=== Task prompt ===
Write the full listing out again, word for word, but omit the pictures.

=== Task data ===
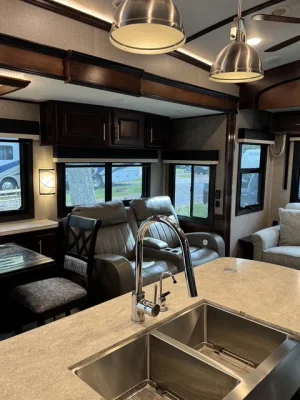2020 JAYCO PINNACLE photo 2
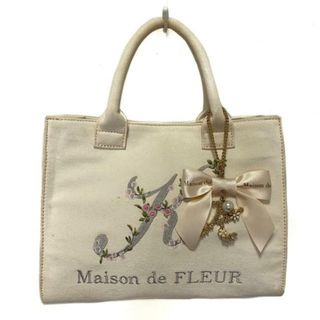 メゾンドフルール(Maison de FLEUR)のMaison de FLEUR(メゾンドフルール) トートバッグ - アイボリー×シルバー×マルチ フラワー/アルファベット(K) キャンバス(トートバッグ)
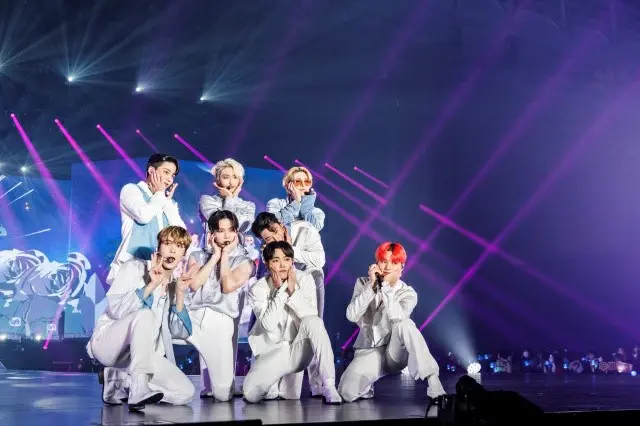 【公演レポ】「ATEEZ」、寒さも吹っ飛ぶ熱いライブで3万人のファンを魅了！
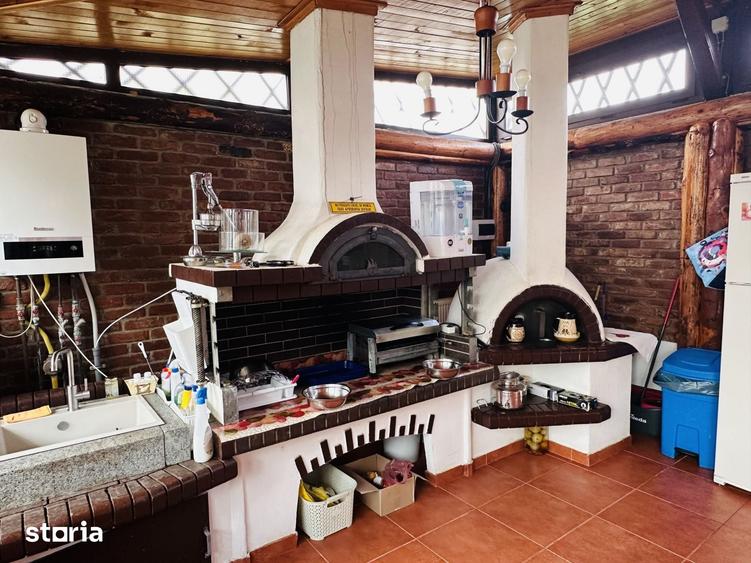 Casă cu 7 camere cu Teren 570 Mp în Chiajna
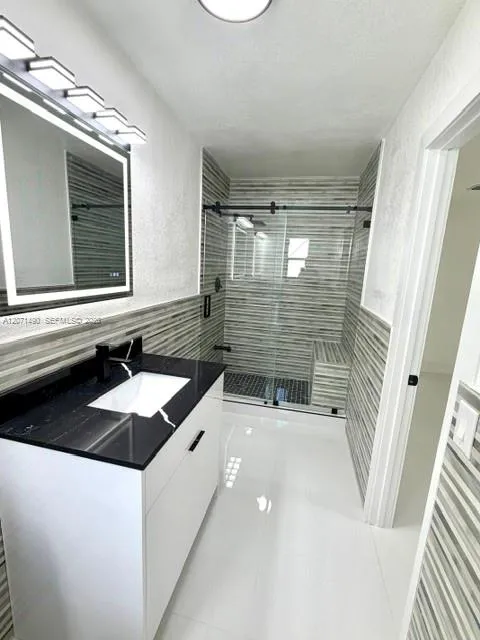 3930 NW 187th St Miami Gardens, FL 33055
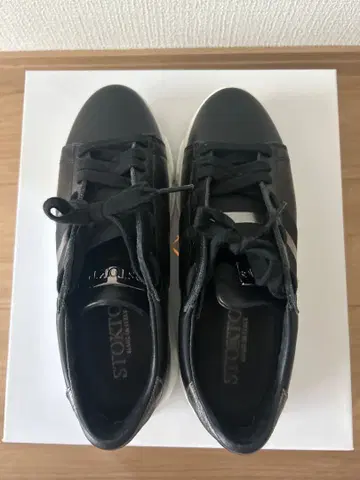 STOKTON 스니커즈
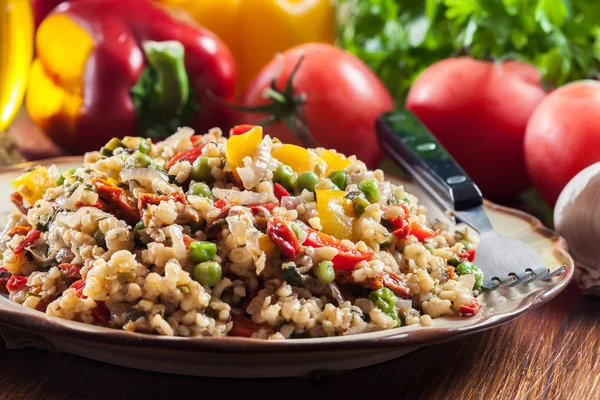 Bulgur Salát Zeleninou Zahrnuje Paprika Rajčata Cuketu Lilek Cibuli Petržel — Stock fotografie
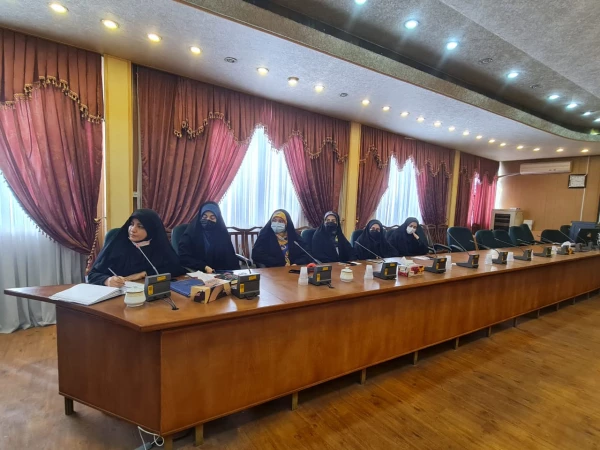 جلسه فروردین ماه کمیته فرهنگی سرای دانشجویی پردیس فاطمه  الزهرا(س) تبریز 3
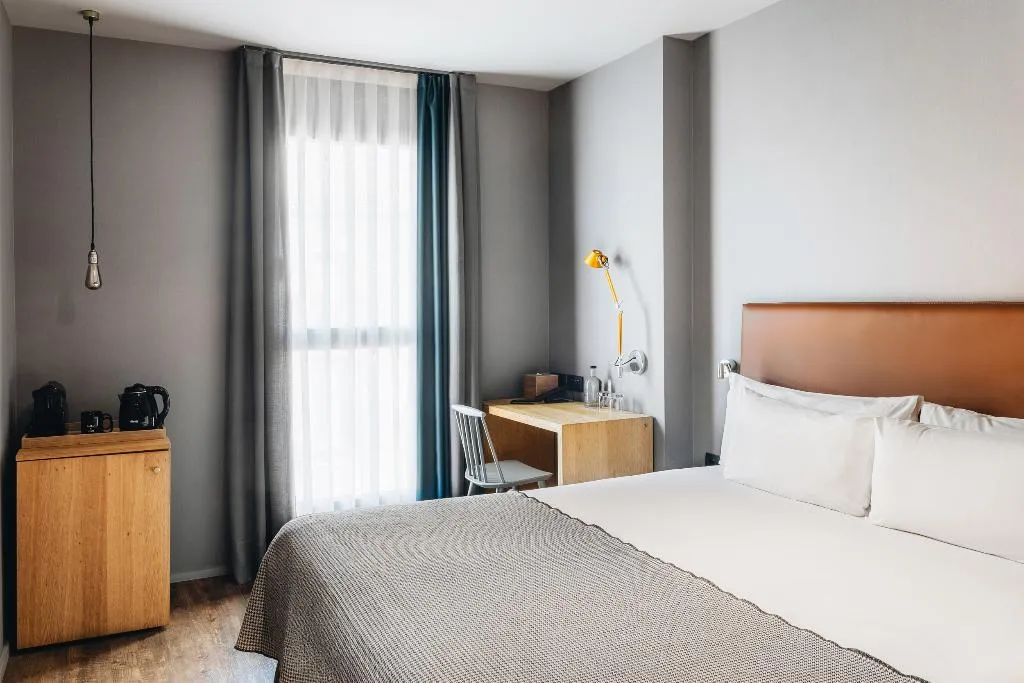 Room, Uma House by Yurbban Trafalgar, Barcelona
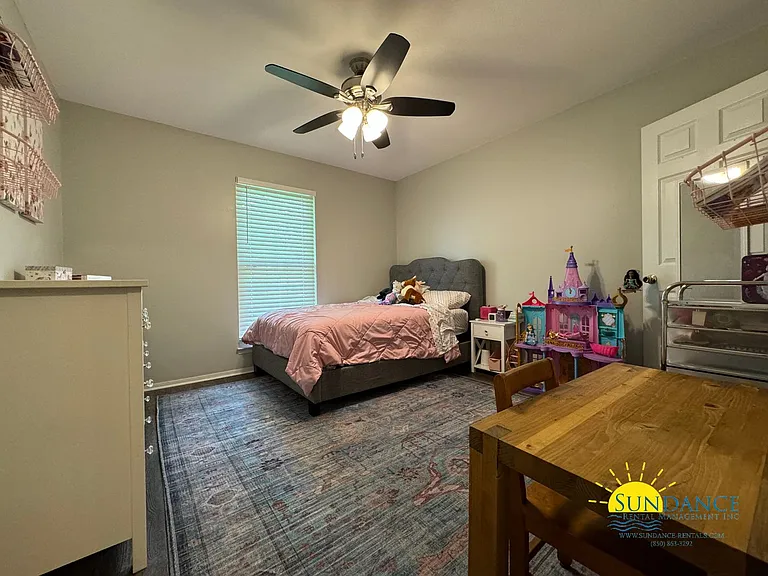109 Long Pointe Dr — Photo 27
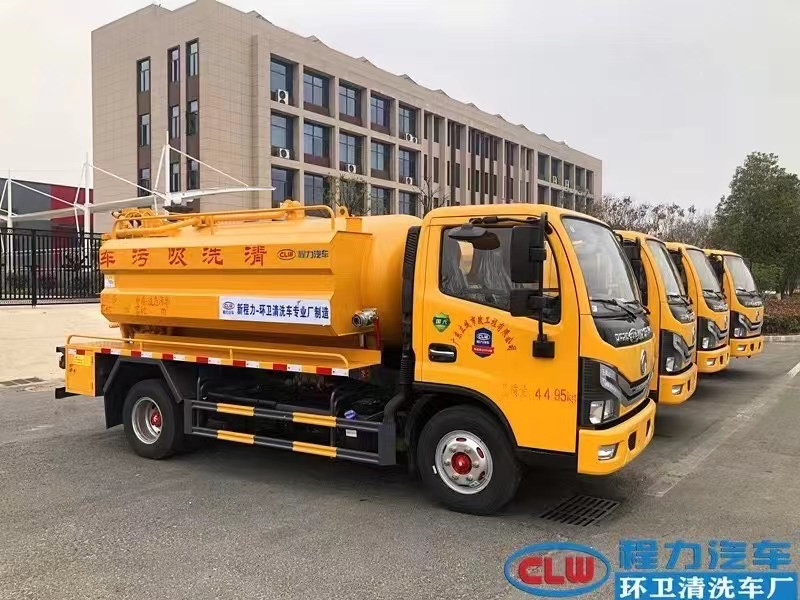 專(zhuān)業(yè)吸糞車(chē)廠(chǎng)家教你怎樣合理保養(yǎng)吸糞車(chē)延長(zhǎng)使用壽命
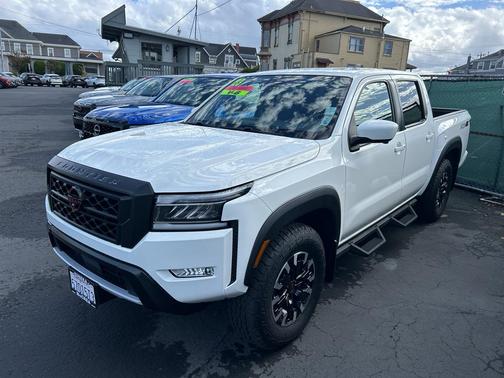 2023 Nissan Frontier PRO-4X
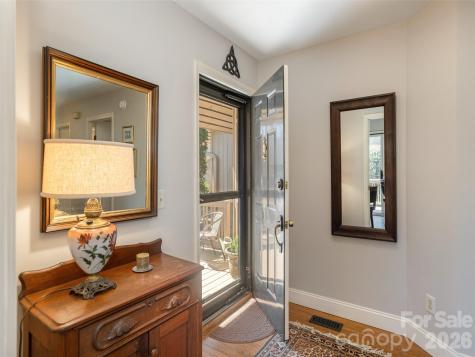 701 Red Oak Drive Hendersonville NC 28791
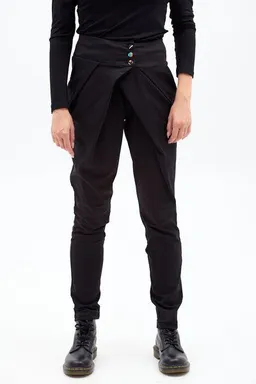 KOKOworld KOKOworld Nachhaltige Hose Button 2.0 aus Bio-Baumwolle – mit Taschen & dekorativen Knöpfen – Fair Fashion aus Europa – bequem & modern – Produktbild 1 von 1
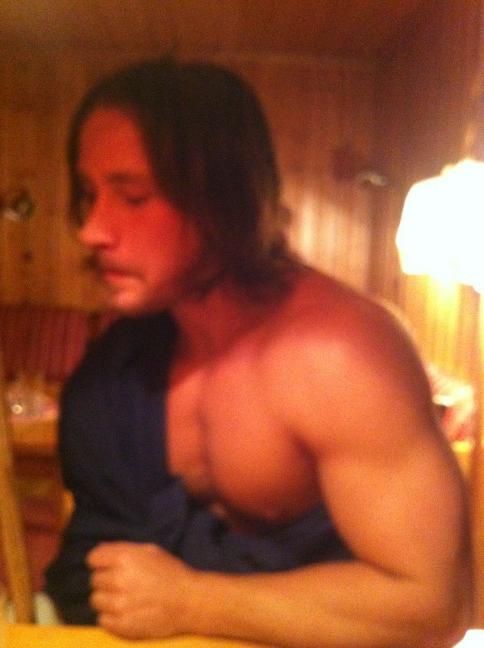 johanb85's tweet photo. På fest med Jesus! http://t.co/zDn4hOY6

=== Response for this exercise ===
2020 JAYCO PINNACLE photo 2
 メゾンドフルール(Maison de FLEUR)のMaison de FLEUR(メゾンドフルール) トートバッグ - アイボリー×シルバー×マルチ フラワー/アルファベット(K) キャンバス(トートバッグ)
 【公演レポ】「ATEEZ」、寒さも吹っ飛ぶ熱いライブで3万人のファンを魅了！
 Casă cu 7 camere cu Teren 570 Mp în Chiajna
 3930 NW 187th St Miami Gardens, FL 33055
 STOKTON 스니커즈
 Bulgur Salát Zeleninou Zahrnuje Paprika Rajčata Cuketu Lilek Cibuli Petržel — Stock fotografie
 جلسه فروردین ماه کمیته فرهنگی سرای دانشجویی پردیس فاطمه  الزهرا(س) تبریز 3
 Room, Uma House by Yurbban Trafalgar, Barcelona
109 Long Pointe Dr — Photo 27
 專(zhuān)業(yè)吸糞車(chē)廠(chǎng)家教你怎樣合理保養(yǎng)吸糞車(chē)延長(zhǎng)使用壽命
 2023 Nissan Frontier PRO-4X
 701 Red Oak Drive Hendersonville NC 28791
 KOKOworld KOKOworld Nachhaltige Hose Button 2.0 aus Bio-Baumwolle – mit Taschen & dekorativen Knöpfen – Fair Fashion aus Europa – bequem & modern – Produktbild 1 von 1
 johanb85's tweet photo. På fest med Jesus! http://t.co/zDn4hOY6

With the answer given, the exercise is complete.